(Brief descriptive captions)
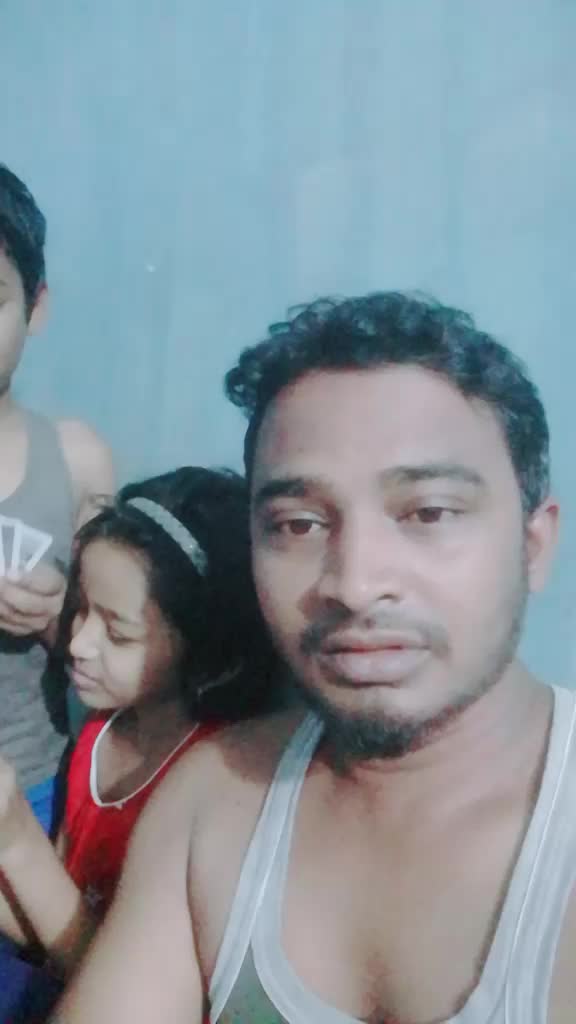 @surendaaa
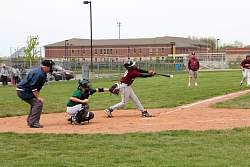 20110430_Dominic_Baseball_485.jpg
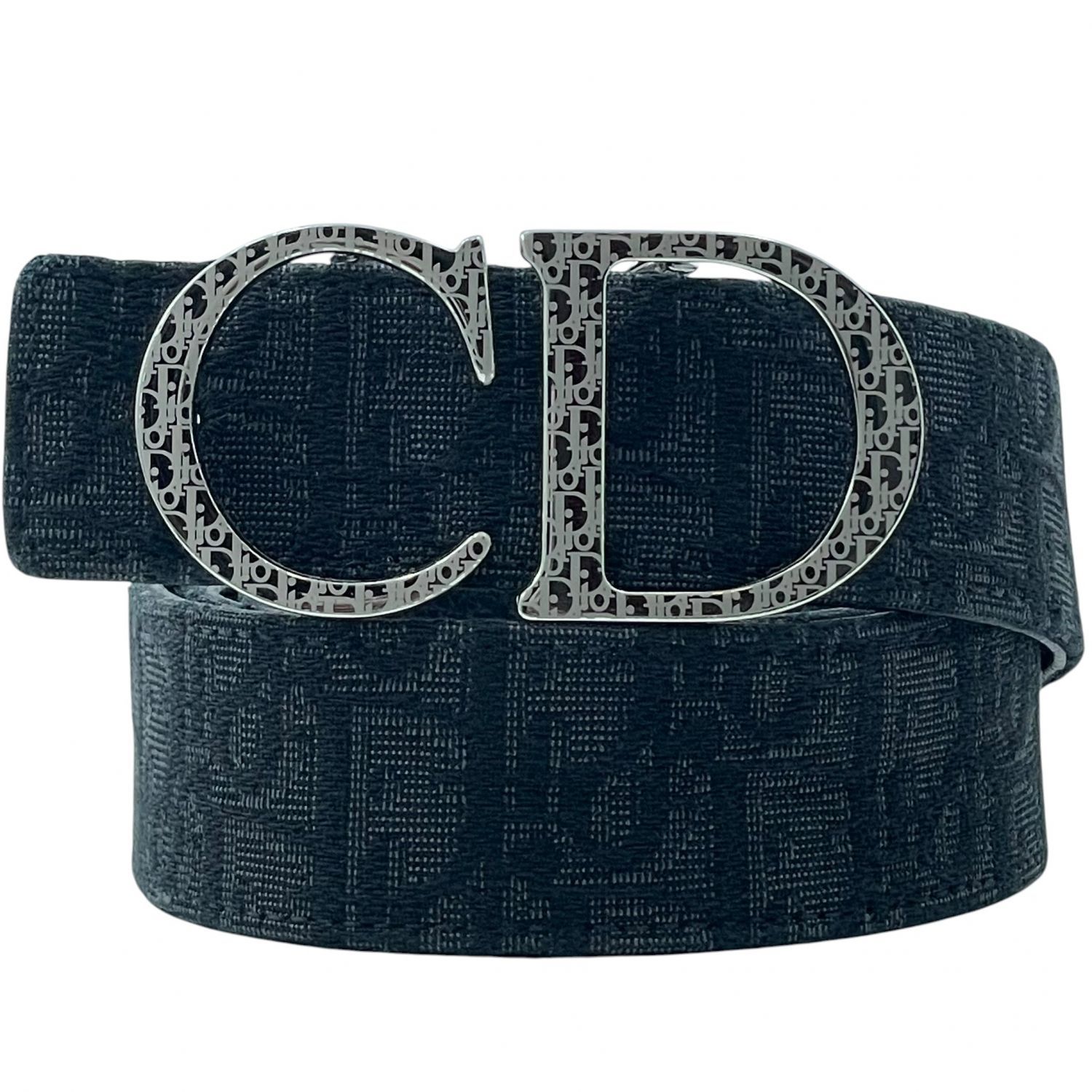 中古】 Christian Dior クリスチャン・ディオール 4907RUMET_H07K CD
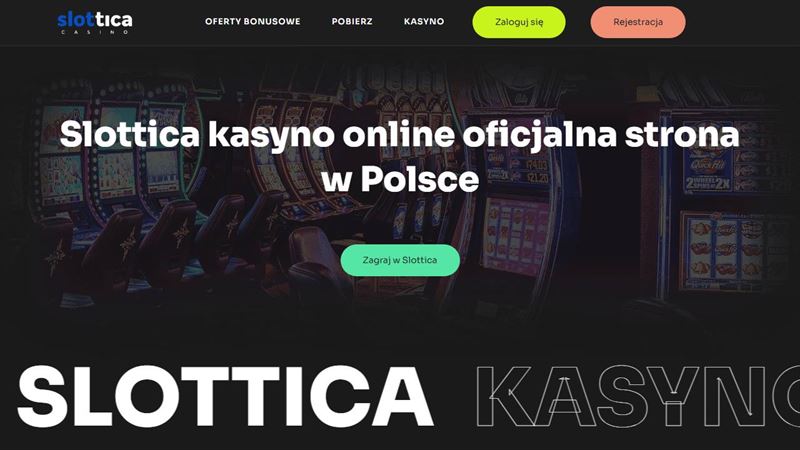 Reštaurácia Kultúrny dom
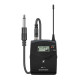 SENNHEISER EW 512P G4-GW -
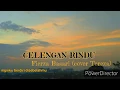 Download Lagu Celengan Rindu - Fierza Basari (cover Tereza)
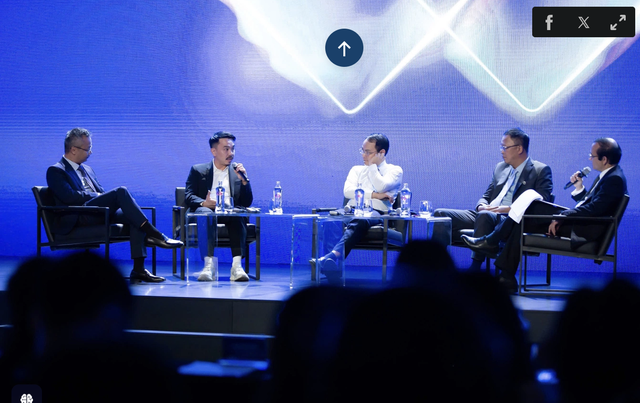 tctdvn-lanh-dao-hdbank-techcombank-masan-viet-nam-hoan-toan-co-the-tang-truong-10-neu-dam-nghi-lon-lam-manh-1752162521.png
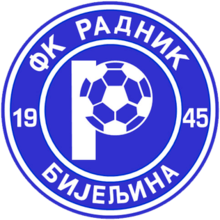 https://img.liuwenwu188.com/img/football/team/a0849d3ef00be19f62b68e824c423193.png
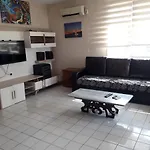 Asia Apart Hotel Ξενοδοχείο με διαμερίσματα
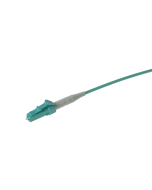 Note: pay attention to the colors specified in the item description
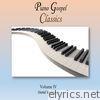 Piano Gospel Classics, Vol. IV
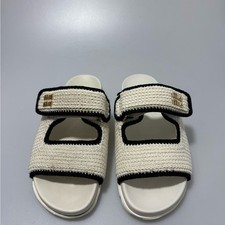 Miu miu bicolor for sale  Wilkes Barre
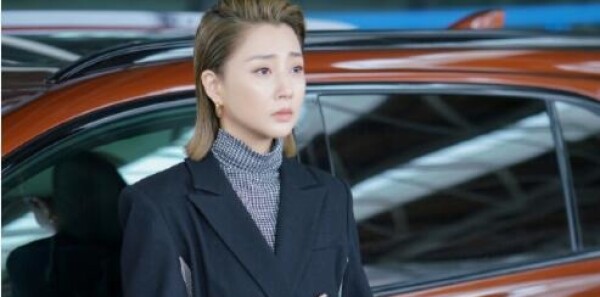 ���ഺ�ּ��������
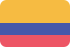 Tinsa Colombia
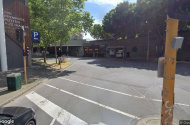 Southbank - Secure Undercover Parking Near CBD - Over 50 Spaces Available
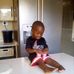 Skizo Matloga - Facebook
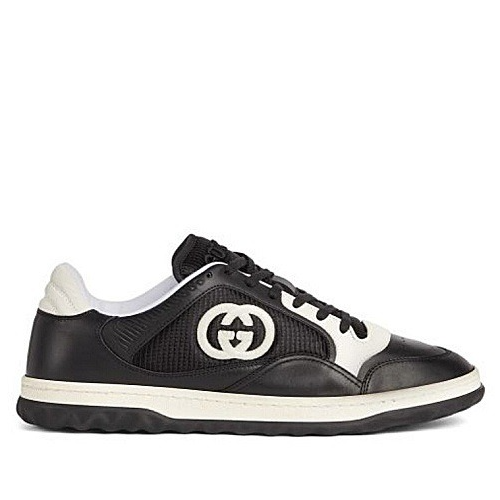 Gucci 로우탑 스니커즈 MAC80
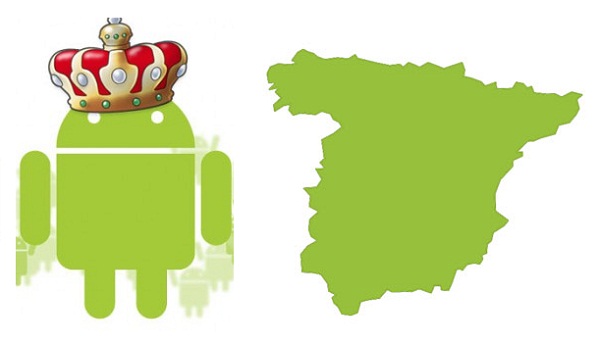 android España portada.jpg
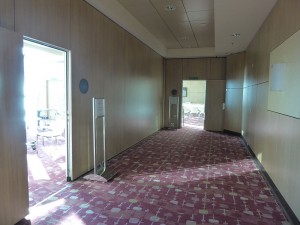 Sky Conference Center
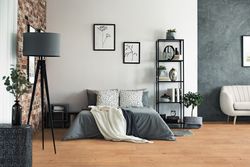 52481-6235-1286-194-4V-4030-Nebraska-gehobelt-1S-77062-A.jpg 52481-6235-1286-194-4V-4030-Nebraska-gehobelt-1S-77062-A.jpg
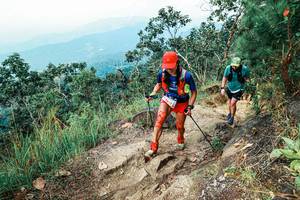 BIB: 
                            <button type="button" onclick="openModal(25545108)" class="btn btn-primary btn-sm float-right btn-popup" data-toggle="modal" data-target=".modal-high-quality">
                        <i class="fas fa-shopping-cart"></i> Add to Cart
                    </button>
                                            <button type="button" onclick="isThisMe(25545108, true)" class="btn btn-success btn-sm float-right btn-popup btn-isme hidden" data-toggle="tooltip" data-placement="bottom" title="นี่คือรูปของคุณใช่ไหม คลิกที่นี่เพื่อเอาเข้าอัลบั้ม">
                        <i class="fas fa-plus"></i> Add to album
                    </button>
                    <button type="button" onclick="isThisMe(25545108, false)" class="btn btn-warning btn-sm float-right btn-popup btn-isnotme hidden">
                        <i class="fas fa-ban"></i> Remove from album
                    </button>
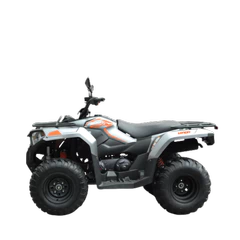 GA300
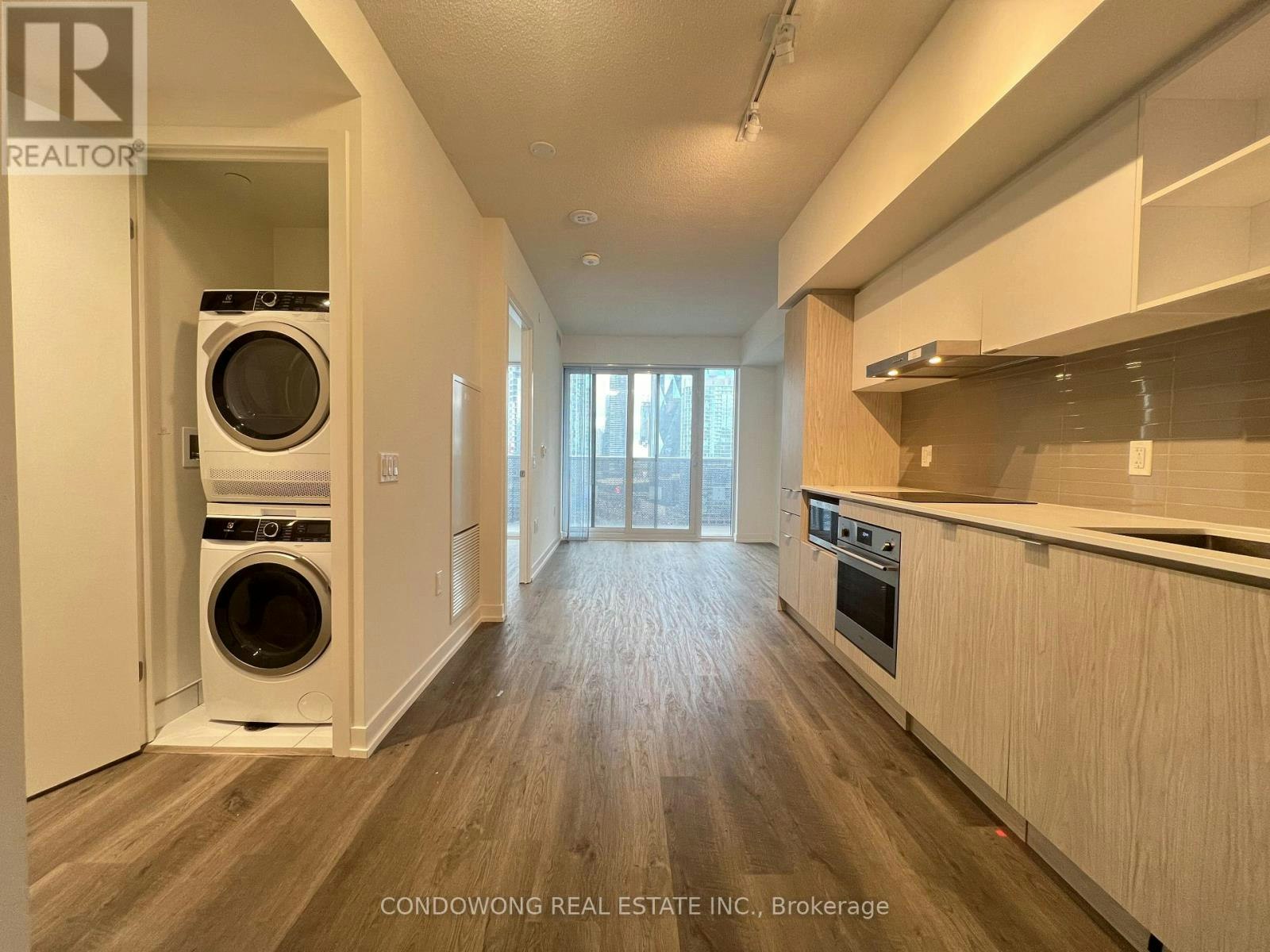 2112-55 Cooper Street, Toronto, ON, M5E 0G1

* **Work order**:
Report all lines above with "float".

* **Response to the task**:
                            <button type="button" onclick="openModal(25545108)" class="btn btn-primary btn-sm float-right btn-popup" data-toggle="modal" data-target=".modal-high-quality">
                                            <button type="button" onclick="isThisMe(25545108, true)" class="btn btn-success btn-sm float-right btn-popup btn-isme hidden" data-toggle="tooltip" data-placement="bottom" title="นี่คือรูปของคุณใช่ไหม คลิกที่นี่เพื่อเอาเข้าอัลบั้ม">
                    <button type="button" onclick="isThisMe(25545108, false)" class="btn btn-warning btn-sm float-right btn-popup btn-isnotme hidden">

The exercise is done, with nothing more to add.